> Exercise description: Reproduce, word for word, the lines in the material below starting with the one that has "Italian Bed Linen" and going on through the one that has "Login and Registration from TXT File". Leave out all pictures.

> Material for this exercise:
------------------------------------------------
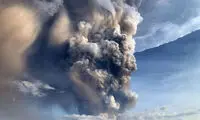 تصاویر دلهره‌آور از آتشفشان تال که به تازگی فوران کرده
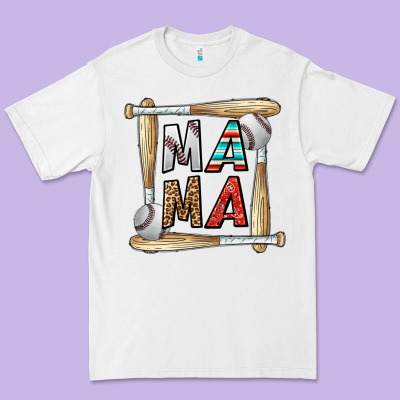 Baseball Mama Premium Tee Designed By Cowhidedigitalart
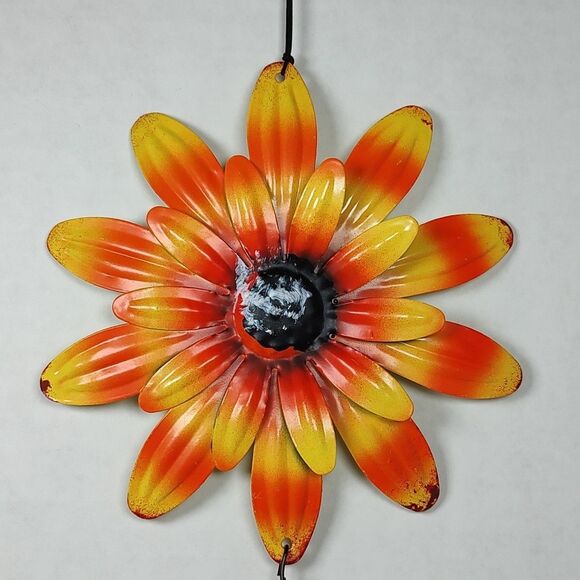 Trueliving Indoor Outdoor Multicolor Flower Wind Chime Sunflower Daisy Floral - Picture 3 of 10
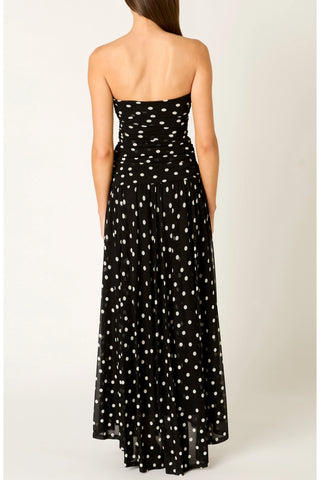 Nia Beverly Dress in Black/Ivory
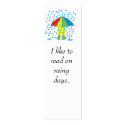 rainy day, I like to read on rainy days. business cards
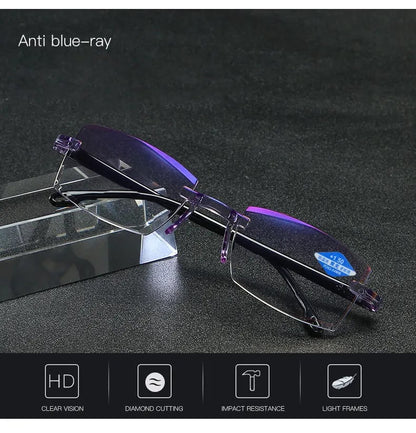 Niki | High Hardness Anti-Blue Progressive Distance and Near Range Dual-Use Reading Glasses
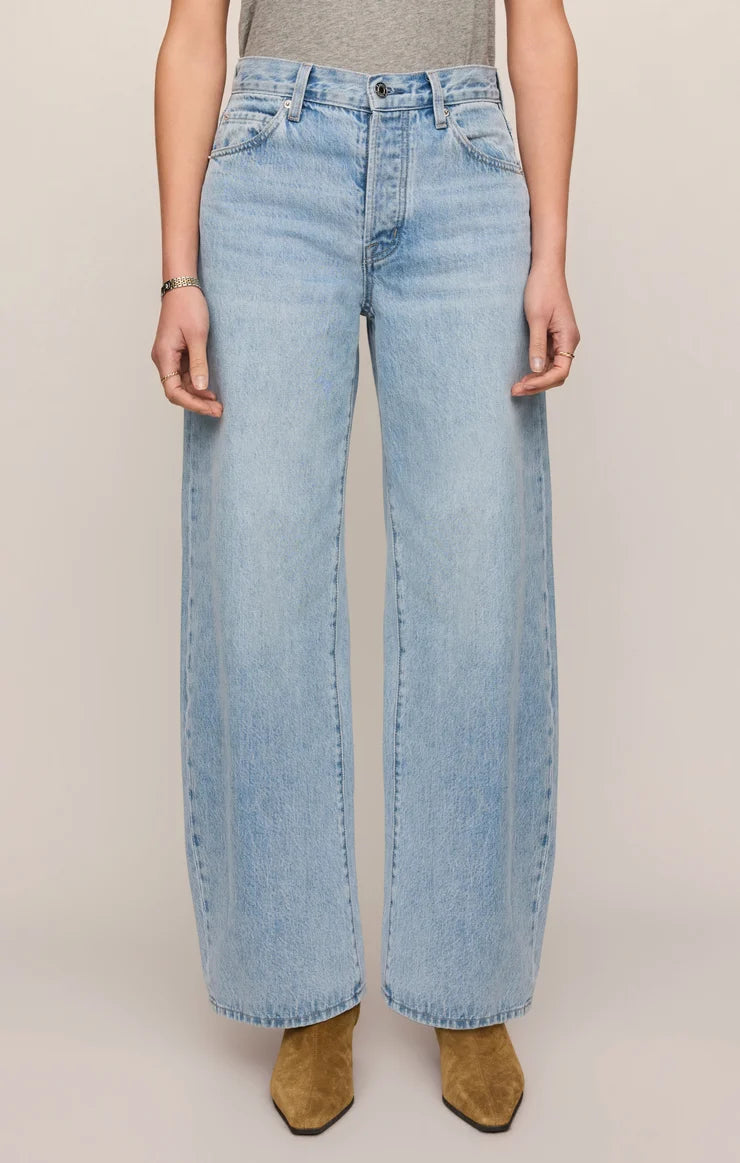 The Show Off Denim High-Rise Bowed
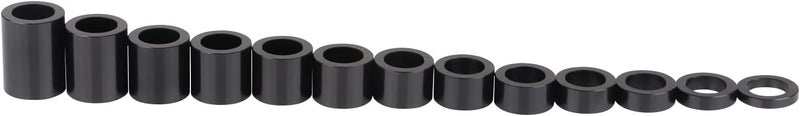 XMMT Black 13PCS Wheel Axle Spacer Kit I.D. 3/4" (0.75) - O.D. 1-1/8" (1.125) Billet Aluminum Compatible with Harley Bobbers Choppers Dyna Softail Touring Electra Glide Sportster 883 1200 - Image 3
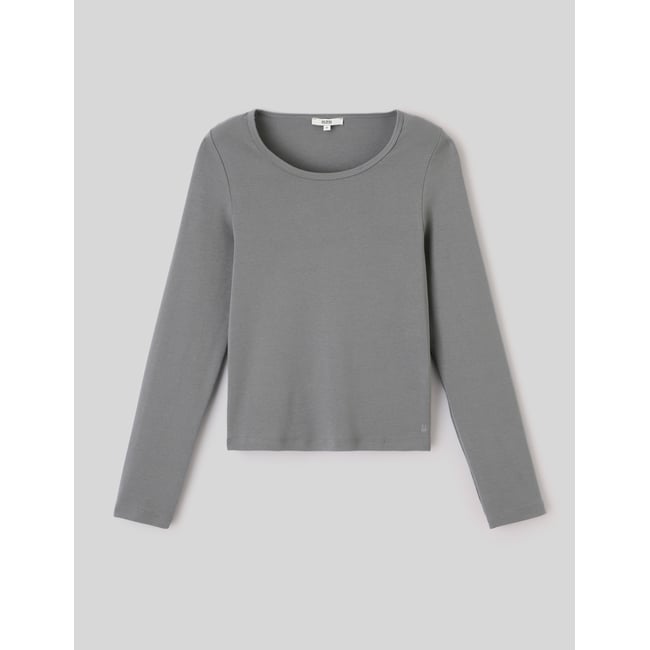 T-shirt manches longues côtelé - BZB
------------------------------------------------
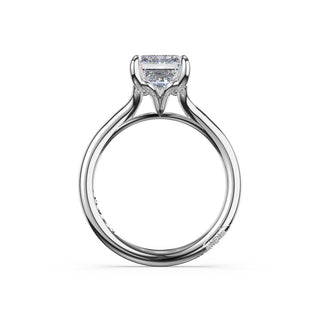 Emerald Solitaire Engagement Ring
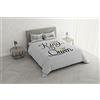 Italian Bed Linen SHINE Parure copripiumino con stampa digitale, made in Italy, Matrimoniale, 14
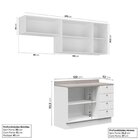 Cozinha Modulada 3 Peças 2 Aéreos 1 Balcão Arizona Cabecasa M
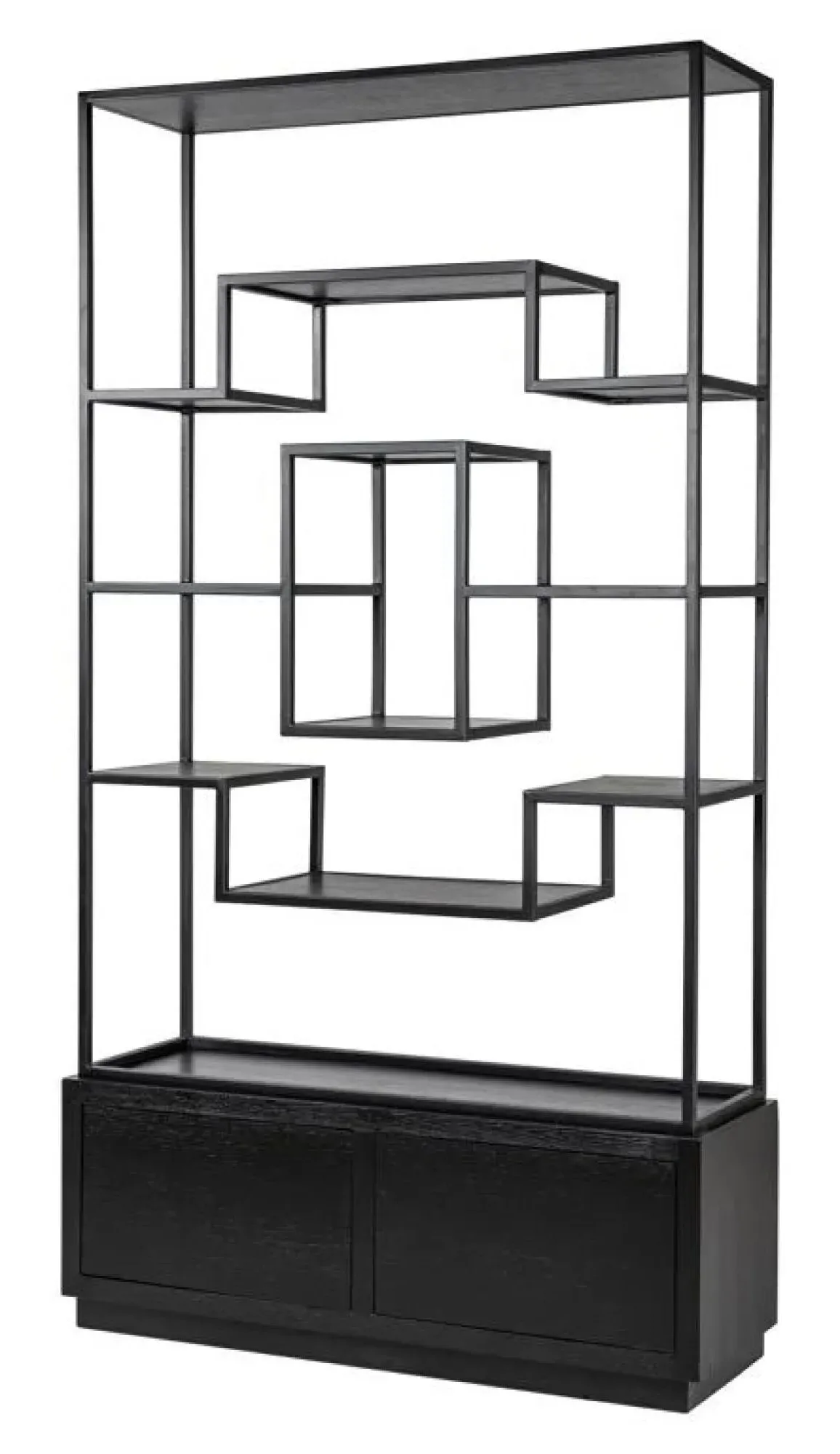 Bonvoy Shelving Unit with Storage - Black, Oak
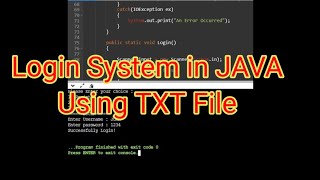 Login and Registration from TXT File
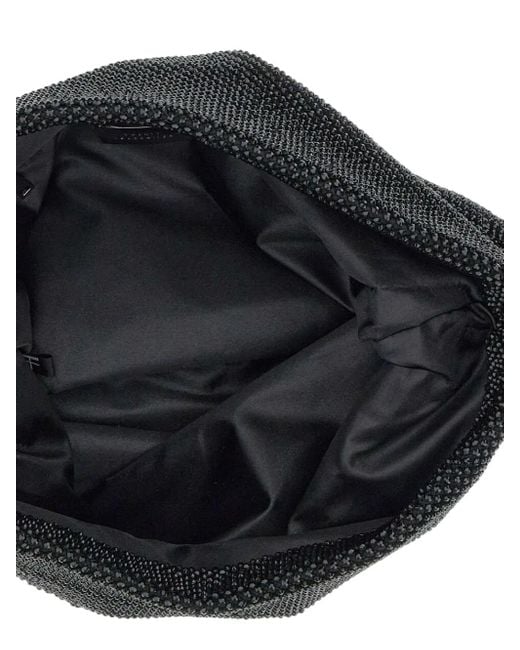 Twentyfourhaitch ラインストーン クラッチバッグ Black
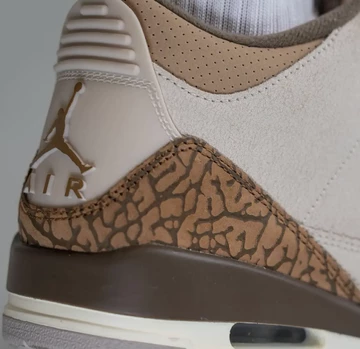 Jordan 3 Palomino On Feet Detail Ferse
------------------------------------------------
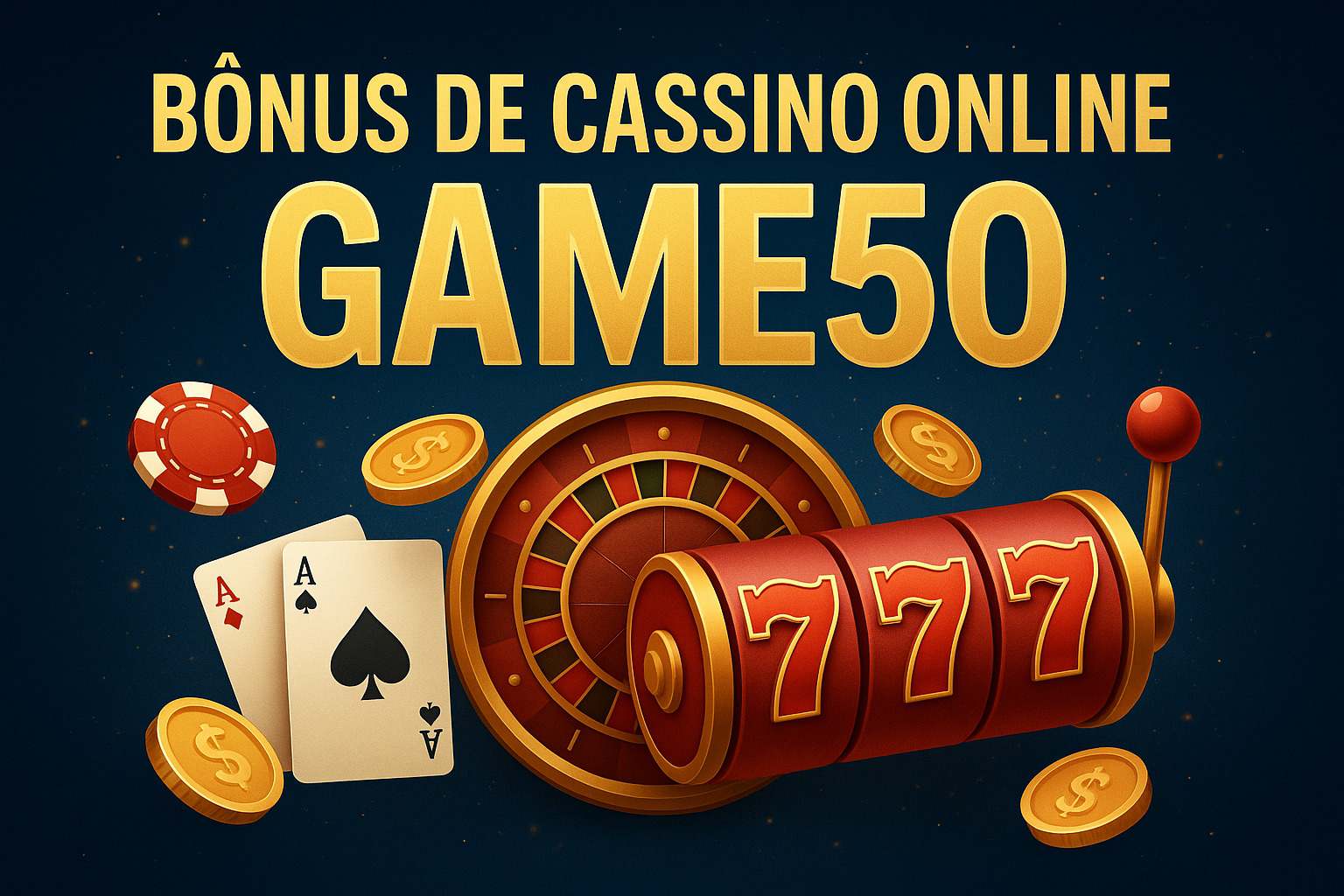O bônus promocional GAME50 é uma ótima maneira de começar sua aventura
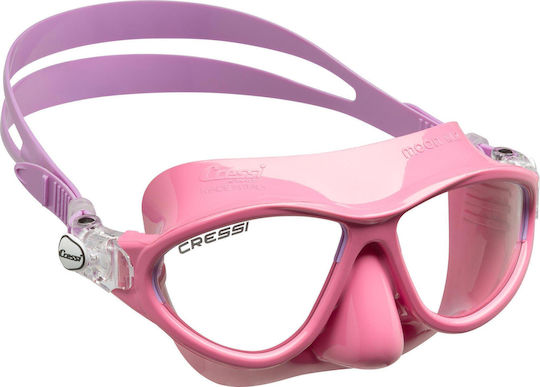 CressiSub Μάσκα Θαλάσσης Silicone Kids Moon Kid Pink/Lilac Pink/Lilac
------------------------------------------------
> Output of the task:
 Italian Bed Linen SHINE Parure copripiumino con stampa digitale, made in Italy, Matrimoniale, 14
 Cozinha Modulada 3 Peças 2 Aéreos 1 Balcão Arizona Cabecasa M
 Bonvoy Shelving Unit with Storage - Black, Oak
 Login and Registration from TXT File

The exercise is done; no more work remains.